> Problem requirements: Which lines run from the line with "Models Samantha Gradoville" to the end of the entries? Write out exactly those, leaving out the pictures.

> Excerpted data:
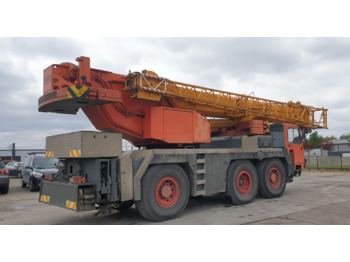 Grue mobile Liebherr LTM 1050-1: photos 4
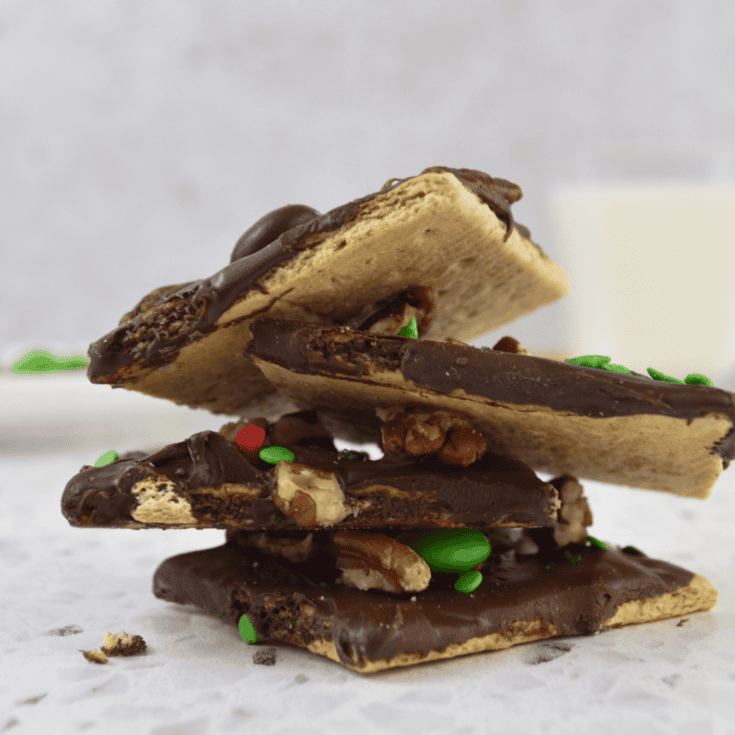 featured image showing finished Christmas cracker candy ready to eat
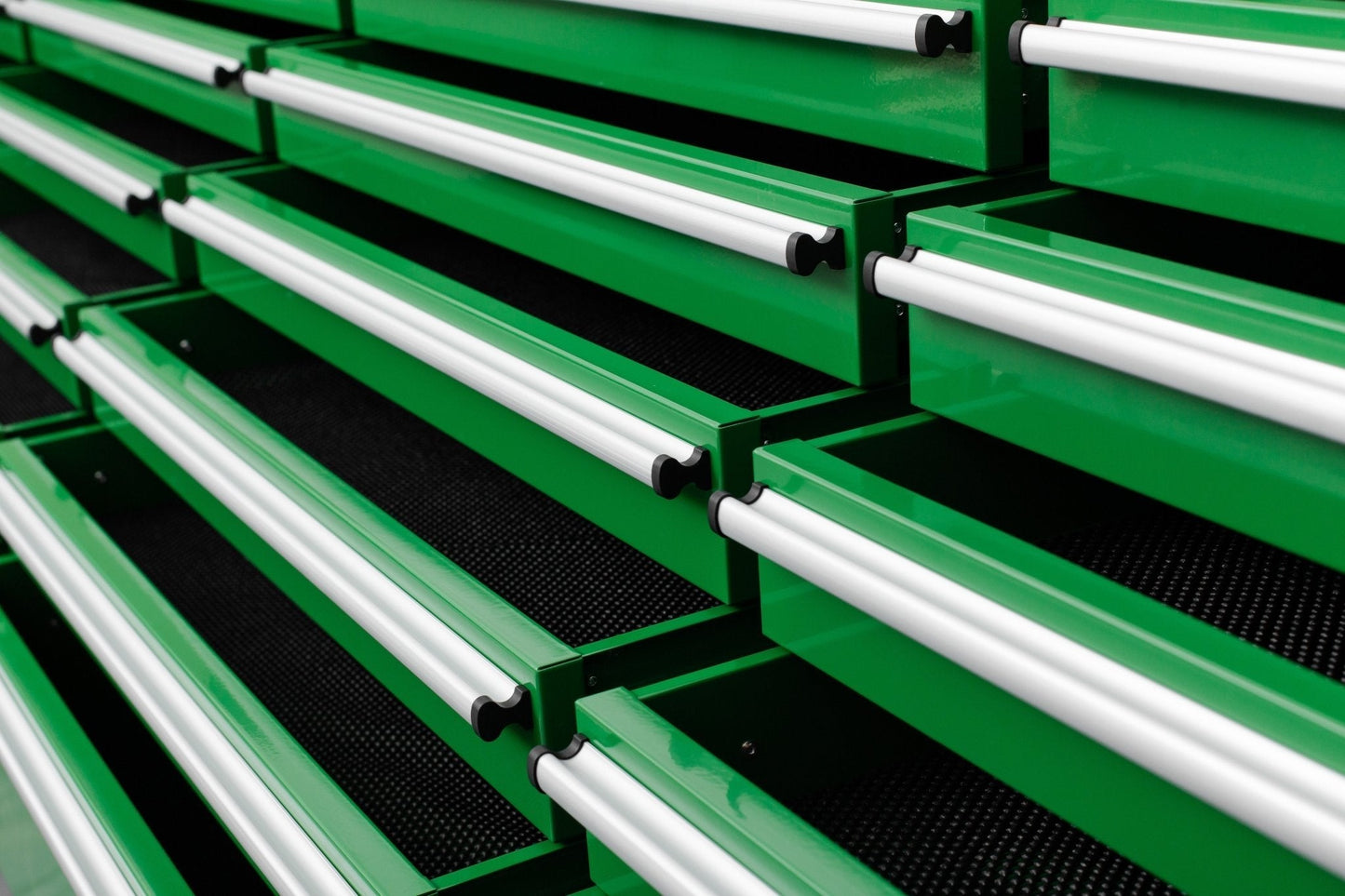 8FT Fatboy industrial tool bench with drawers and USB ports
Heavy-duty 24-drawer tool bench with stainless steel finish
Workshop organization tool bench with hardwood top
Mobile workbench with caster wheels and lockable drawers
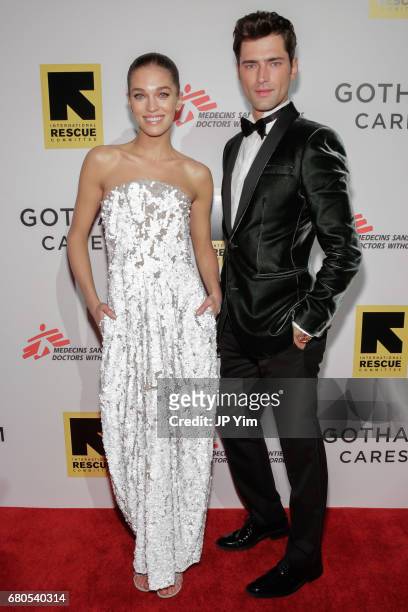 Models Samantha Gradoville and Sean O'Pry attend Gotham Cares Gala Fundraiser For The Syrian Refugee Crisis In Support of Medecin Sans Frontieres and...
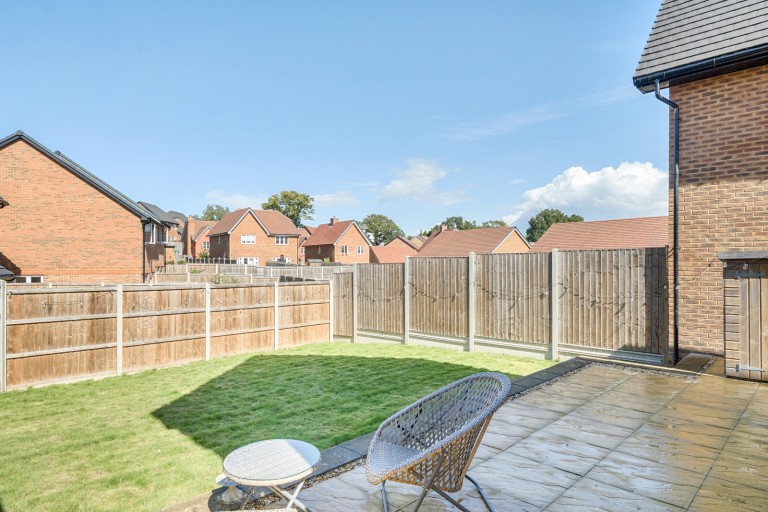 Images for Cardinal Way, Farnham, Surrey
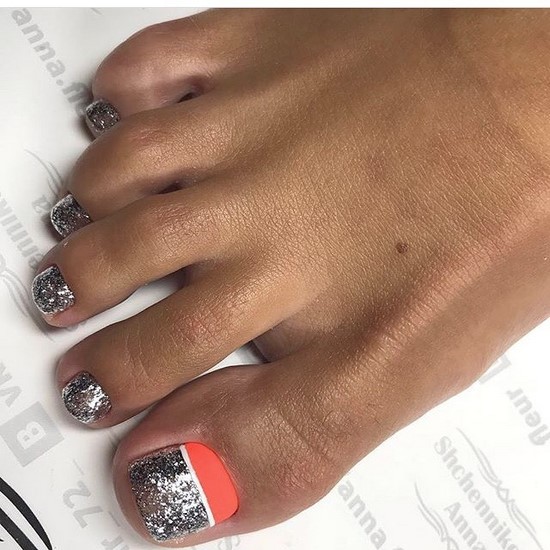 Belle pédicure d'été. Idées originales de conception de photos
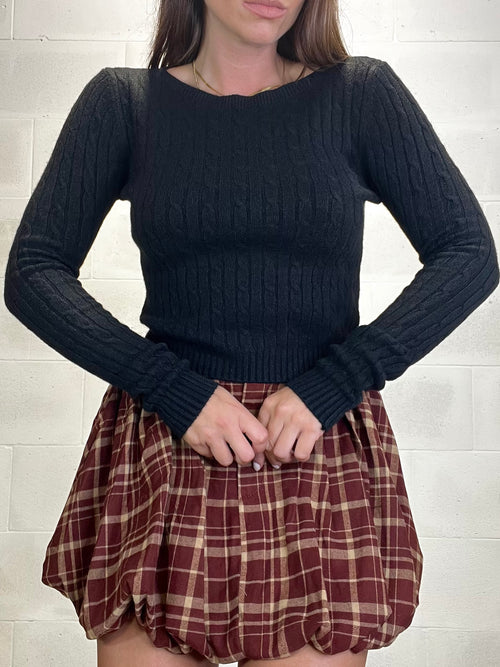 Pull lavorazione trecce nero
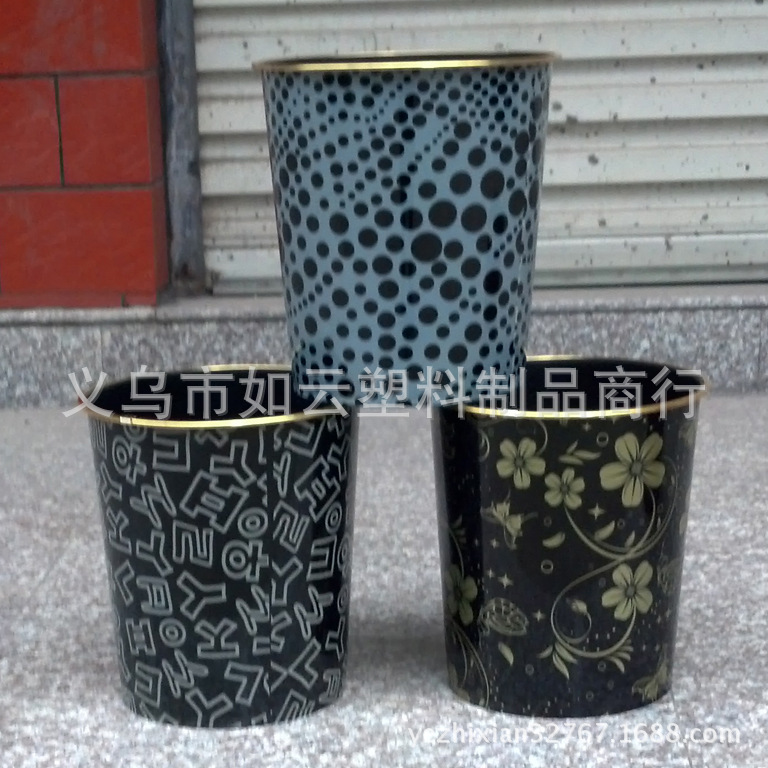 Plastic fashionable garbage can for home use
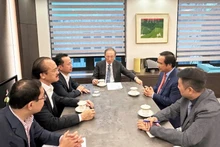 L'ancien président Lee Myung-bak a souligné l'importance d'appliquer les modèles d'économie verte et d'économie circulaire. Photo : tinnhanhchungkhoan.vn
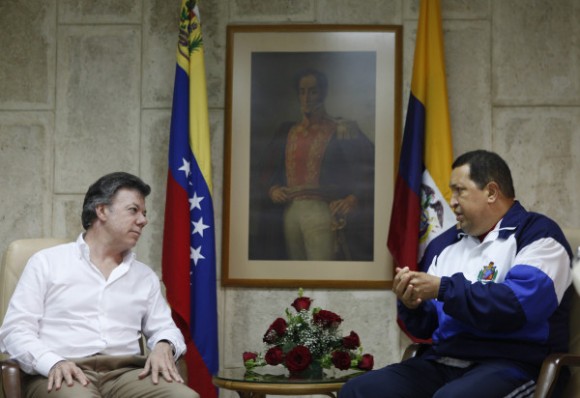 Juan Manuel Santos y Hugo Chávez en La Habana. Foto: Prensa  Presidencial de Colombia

> Exercise output:
 Models Samantha Gradoville and Sean O'Pry attend Gotham Cares Gala Fundraiser For The Syrian Refugee Crisis In Support of Medecin Sans Frontieres and...
 Images for Cardinal Way, Farnham, Surrey
 Belle pédicure d'été. Idées originales de conception de photos
 Pull lavorazione trecce nero
 Plastic fashionable garbage can for home use
 L'ancien président Lee Myung-bak a souligné l'importance d'appliquer les modèles d'économie verte et d'économie circulaire. Photo : tinnhanhchungkhoan.vn
 Juan Manuel Santos y Hugo Chávez en La Habana. Foto: Prensa  Presidencial de Colombia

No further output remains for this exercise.